There have been a couple of competitions for the “best job in the world” in recent years. We all remember the dream job in Australia where the chosen applicant got a great salary and a multi-million dollar villa as sleeping quarters to house-sit the islands of the Great Barrier Reef. That job offer generated a lot of interest and thousands of applicants seeking adventure — and solitude.
Only one person out of the thousands who applied actually got the job, leaving the rest disappointed. But now another offer has emerged to tempt those looking for the unusual.
“Wanted: ‘outgoing’ hermit. Must like solitude and be prepared to dispense wisdom, salary included.”
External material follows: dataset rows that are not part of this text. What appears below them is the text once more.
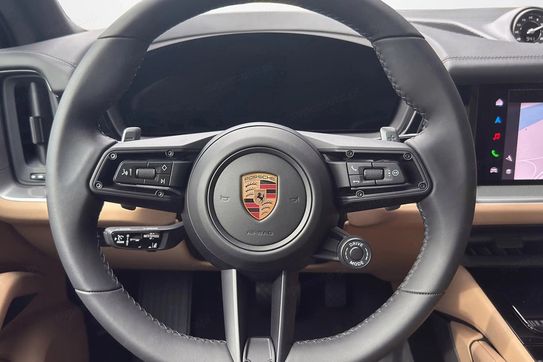 Porsche Cayenne Coupe E-Hybrid Black Edition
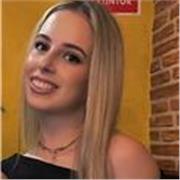 Profesora graduada en Educación Primaria con mención en Inglés y con certificado C1.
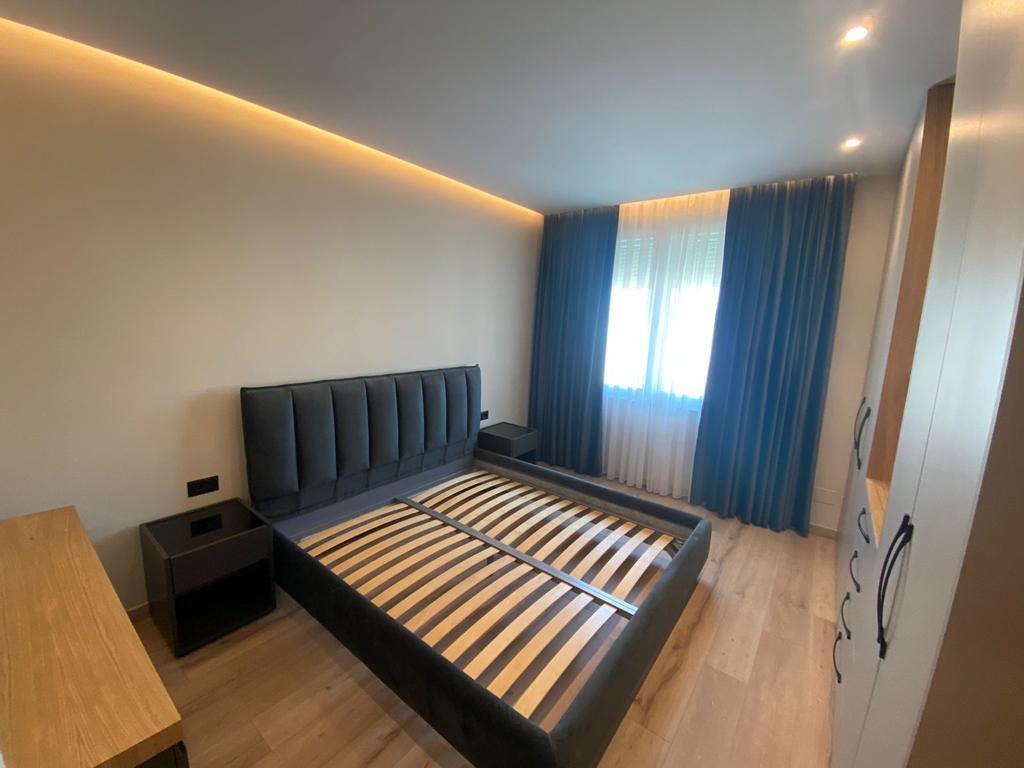 🏢 Jepet me Qira Apartament 2+1 + 2 Post Parkime te Nënkalimi i Komunës së Parisit!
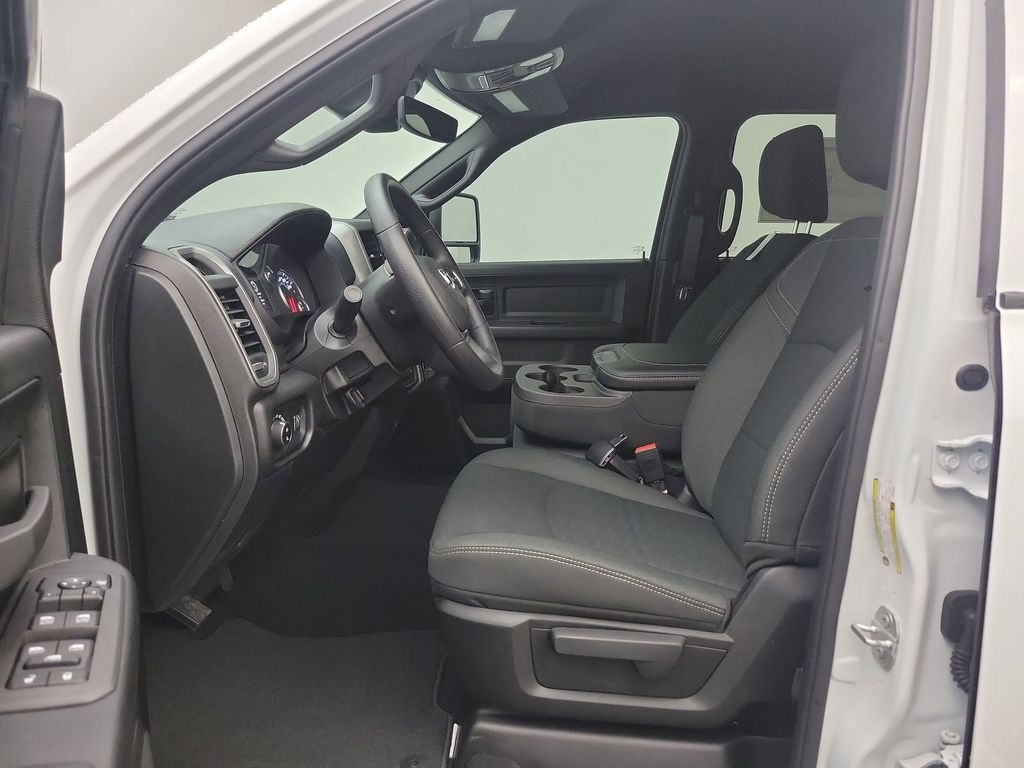 2026 Ram 2500 Tradesman photo 4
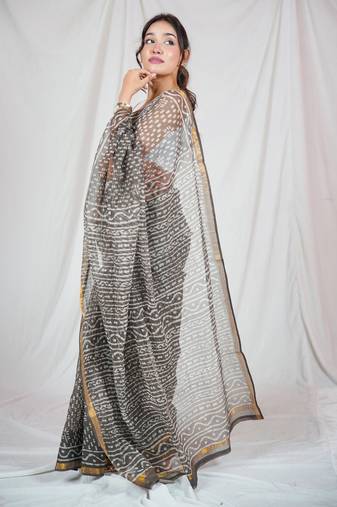 charm kota doria saree with unstitched blouse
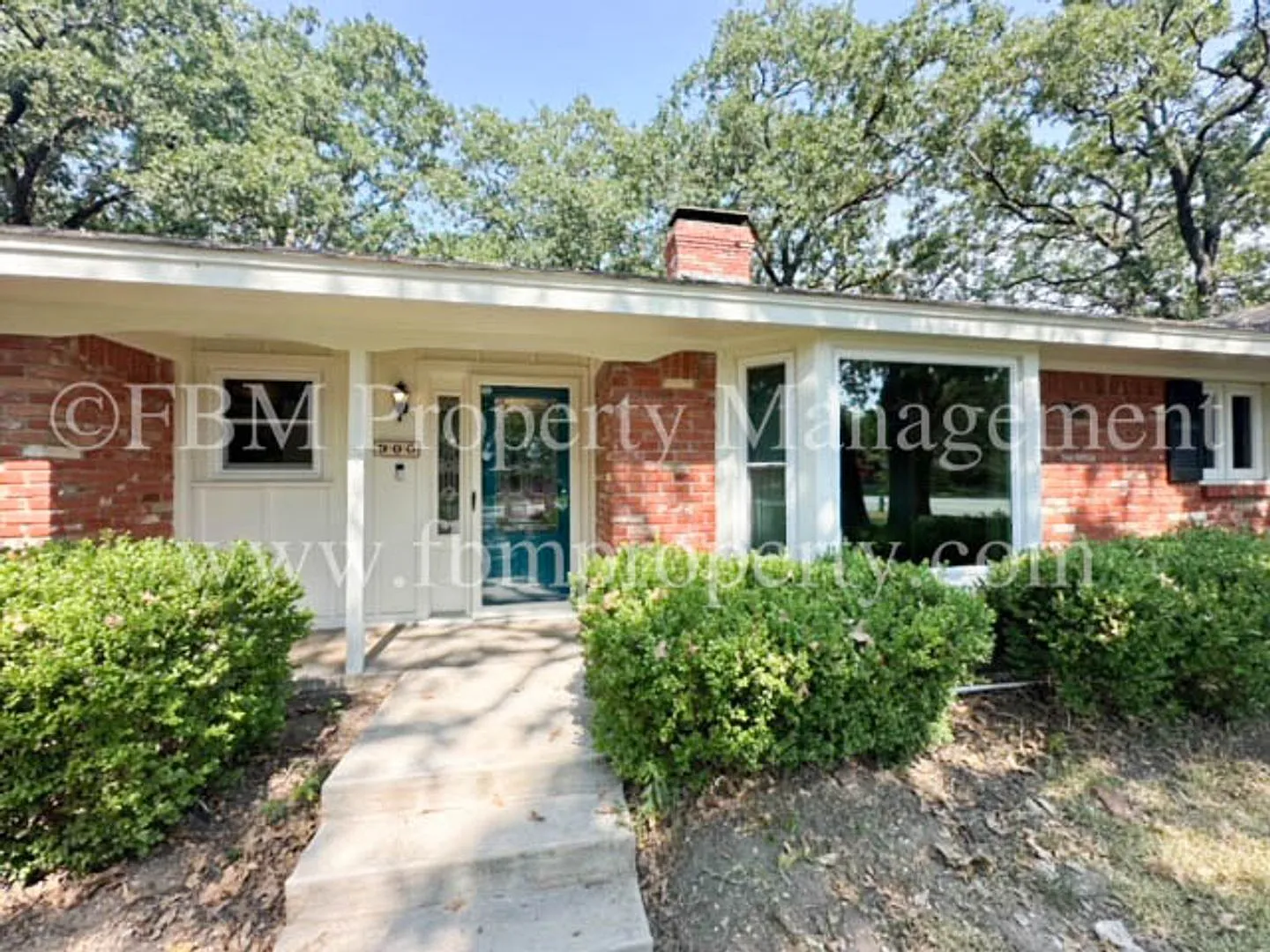 900 Dobbins Rd - 3 Bedroom, 2 Bathroom Brick Home in Corsicana, TX! — Photo 3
That’s right, a Swiss Council is looking for a hermit. Said hermit would be required to live in a cave. That cave is the cavern at the Verena Gorge, to the north of the city of Solothurn in Switzerland. The hermit must also tend a small garden. And dispense wisdom.
Here’s the deal. The name of the hermitage refers to Saint Verena, who is said to have passed near the area and lived in a cave near Solothurn. There has been a hermit living at the site for 600 years. Not the same hermit — that would be weird. A succession of hermits have occupied the cavern, which is just up a steep trail from a small chapel. Note, the job description also says the hermit must be fit, as the trail is steep. My thought is that if you’re a hermit, you’d only have to climb the trail once, right? So you wouldn’t have to be super-fit. And you’d have time to rest after you got up the hill to your new home.
In any case, the last hermit — and notably, the first female to hold the position — has given up the job because visitors to the site were annoying her. She was a hermit after all, which implies a certain aloofness.
But, you will note the job description asks the hermit to dispense wisdom, and I’m pretty sure the wisdom the Council wants dispensed is not, “It would be better for you if you got off my lawn!”
So therefore, the search for an “outgoing hermit” to replace the … er … outgoing hermit, has begun.
Perks of the job. You live in Switzerland, which is a beautiful land. Switzerland is known for remaining neutral, therefore any wisdom the hermit dispenses will not necessarily have to take a side. For instance if a tourist arrives and asks you if her garishly coloured walking shorts make her look beefy, you can confuzzle her with Yoda-like wisdom without actually saying the shorts are not attractive. You are also protecting a cultural monument, a most worthy endeavour.
Downside – you are living in a cave. I don’t know what kind of cell reception you’d get in a cave, so it might be difficult to update your status on Facebook. Also I’m betting that the Council would frown on a satellite dish hanging outside. Maybe you could get cable — I don’t know. Or maybe you’d have to brush up on your cave painting.
In any event, if you crave solitude, but not too much solitude, if you love giving advice, and can tolerate tourists tromping through your living room, this is the job for you. But remember, outgoing but not too outgoing, or you too, will be outgoing.